BEGIN EXERCISE DATA

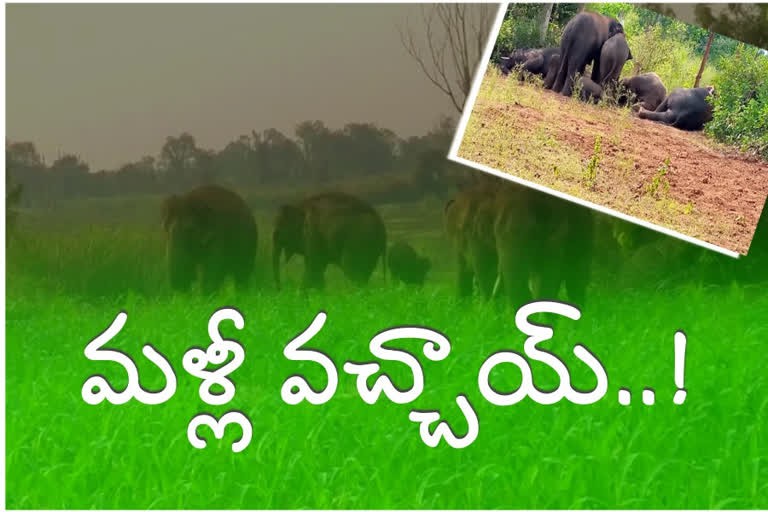 ఏనుగుల హల్ చల్..అందోళనలోరైతులు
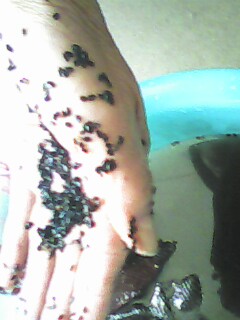 IMG0211A.jpg
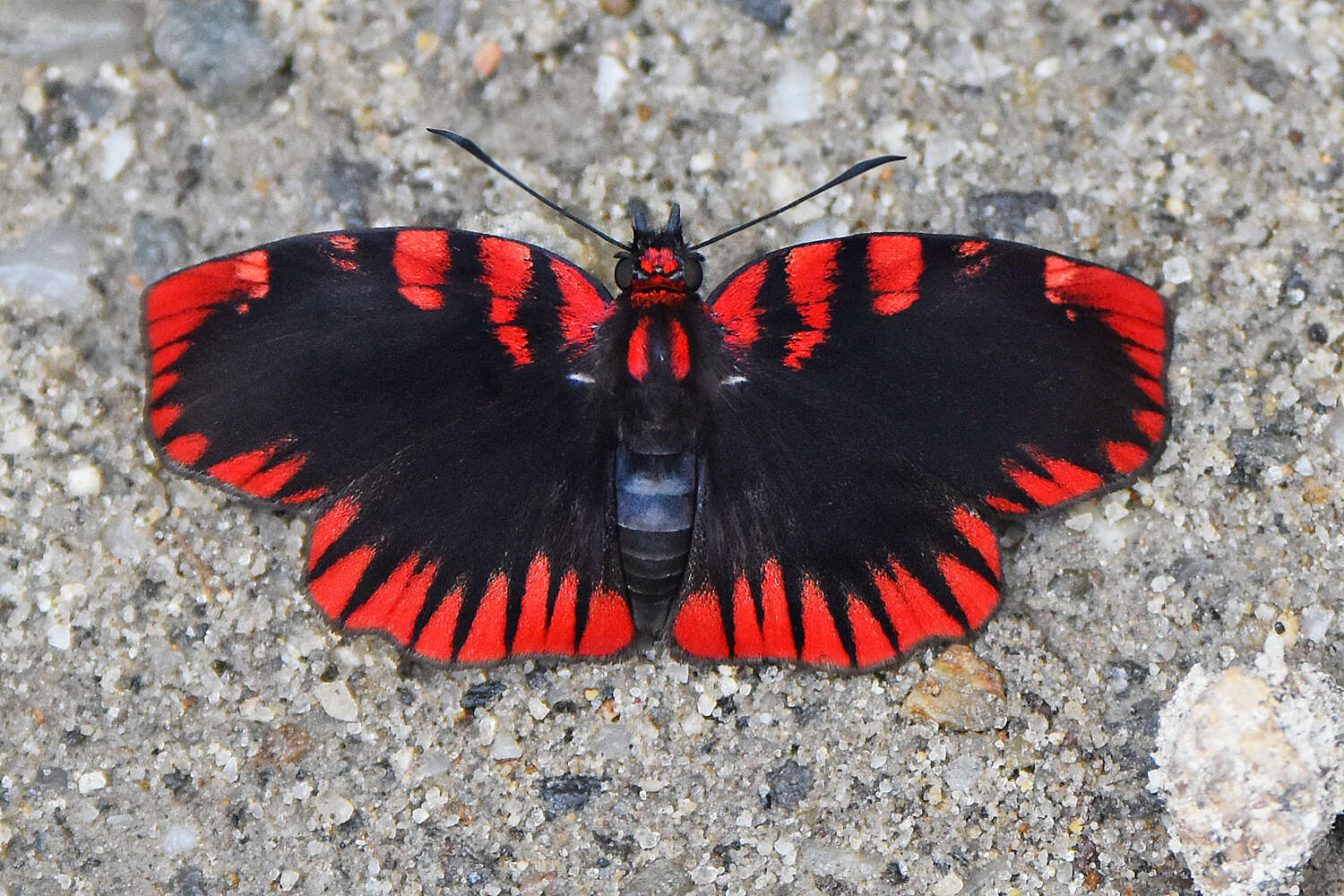 Слика од Haemactis sanguinalis Westwood (1852)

END EXERCISE DATA

## WORK INSTRUCTIONS
Everything in the listing, except its images, should be set down exactly.

## ANSWER SECTION
 ఏనుగుల హల్ చల్..అందోళనలోరైతులు
 IMG0211A.jpg
 Слика од Haemactis sanguinalis Westwood (1852)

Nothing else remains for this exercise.